SHAKESPEARE: The Tempest (Act IV: Two Views of Man)

Some folks think the glass is half full. Other folks think the glass is half empty. Ho-hum. But here’s a related question: is Man (generic humanity) more like the angels or closer to the animals? For questions offering two extremes the answer is usually either (a) neither or (b) both or (c) somewhere in between. And that’s (sort of) the answer we find in Act IV of The Tempest. If this sounds confusing, it is. Shakespeare never settles for an easy answer when he can squeeze dramatic tension out of opposing viewpoints. Let’s consider each of these viewpoints in turn and try to determine what Shakespeare himself thought was the correct answer.

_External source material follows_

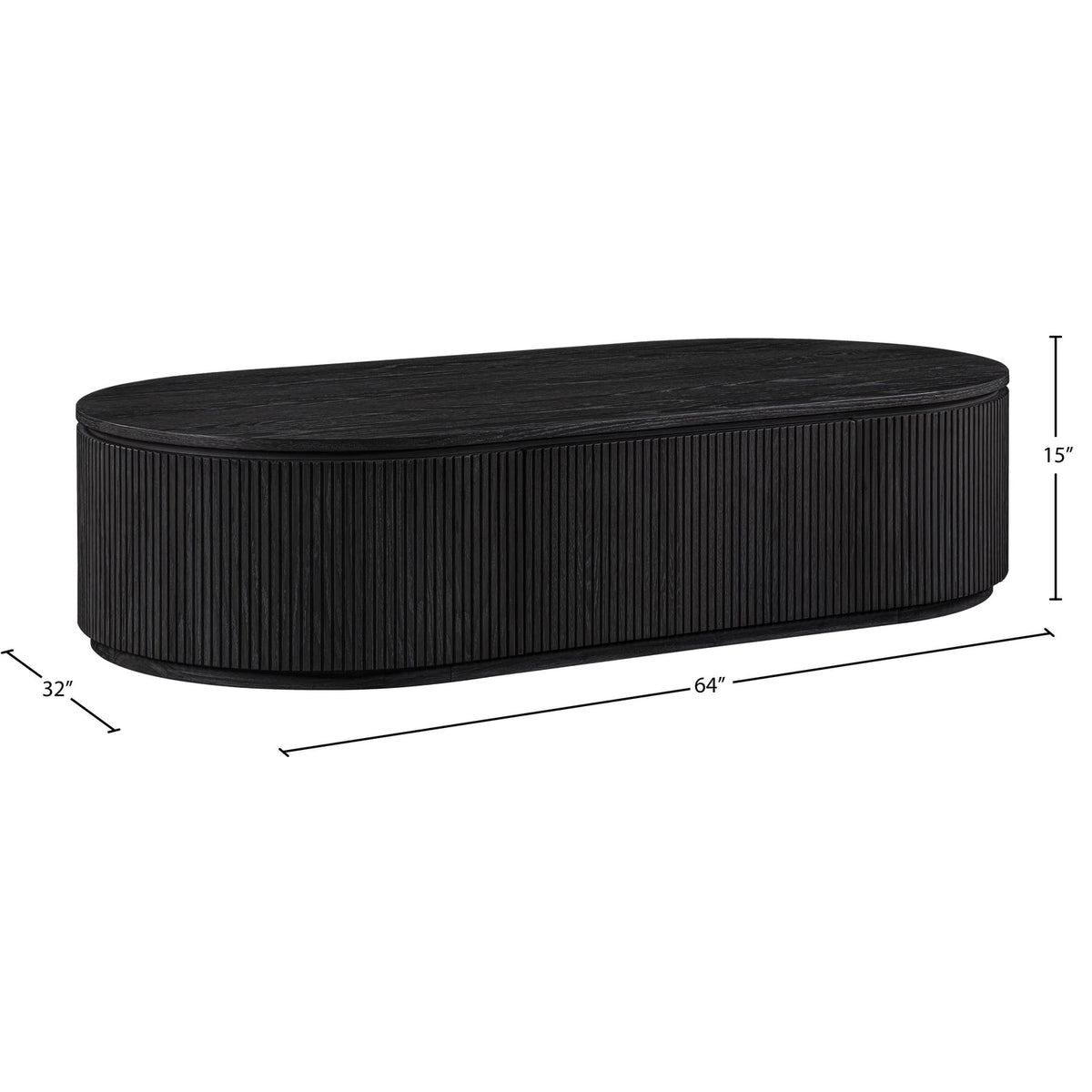 Moana Black Solid Wood Storage Coffee Table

First let’s consider the proposition that Man is more like an angel. Here’s the full text for that proposition: “Our revels now are ended. These our actors, As I foretold you, were all spirits and Are melted into air, into thin air: And, like the baseless fabric of this vision, The cloud-capp'd towers, the gorgeous palaces, The solemn temples, the great globe itself, Ye all which it inherit, shall dissolve And, like this insubstantial pageant faded, Leave not a rack (cloud) behind. We are such stuff As dreams are made on, and our little life Is rounded with a sleep.” This is Prospero speaking but notice what he’s NOT saying. He’s not saying that Man is good therefore he’s more like the angels. Besides, the Bible says there are bad angels as well as good angels. The serpent in the Garden of Eden was a bad angel. No, what makes Man more like the angels is his spirit. Other animals may have fundamental thinking and reasoning abilities. But only Man has the ability to dream dreams of past and future times and create a vision for a better way of life.
In Act IV of The Tempest we get a play within a play where all the actors are pure spirits. Prospero calls forth the spirits of three ancient Greek goddesses (Iris, Ceres and Juno) to perform a dance. When the dance is over Prospero dismisses them and says, “Our revels now are ended…” etc. The spirits have gone away. What happened to them? Prospero says they “melted into air, into thin air.” That’s why many people don’t believe in spirits. It’s all make-believe, like seeing actors on a stage. Not real. Shakespeare is aware of that too. But he points out that spirits and actors aren’t the only things that melt into thin air. Even things we think are most real in the world, things like towers and palaces and temples, will all eventually dissolve like clouds in the sky. And nothing will remain. Where is Priam’s Trojan palace, for example? Long gone. But The Iliad remains. The idea, the dream of Priam’s Trojan palace, lives on in our imaginations every time we read The Iliad. So which is really stronger; Priam’s palace or the vision of Priam’s palace? We dream. That’s why Man is more like the angels.
But the second proposition says that Man is more like the animals. Prospero argues for this view when he says, (Caliban is) “A devil, a born devil, on whose nature Nurture can never stick; on whom my pains, Humanely taken, all, all lost, quite lost; And as with age his body uglier grows, So his mind cankers.” Man is no angel. We’re physical creatures just like all other animals on this earth. We’re all born with an inclination to want to do the things we want to do, when we want to do them. And it’s only natural for physical creatures to want physical things. So when Caliban tries to rape Miranda it’s not just some random defect in his character. No. According to Prospero Caliban is “a born devil.” Rape is simply the kind of thing devils do, and animals too. It’s Caliban’s animal-nature to want to reproduce and people the island with little Calibans.
Those are the two basic viewpoints of Man expressed in Act IV of The Tempest. So what did Shakespeare think? Shakespeare probably thought mostly about selling lots of tickets.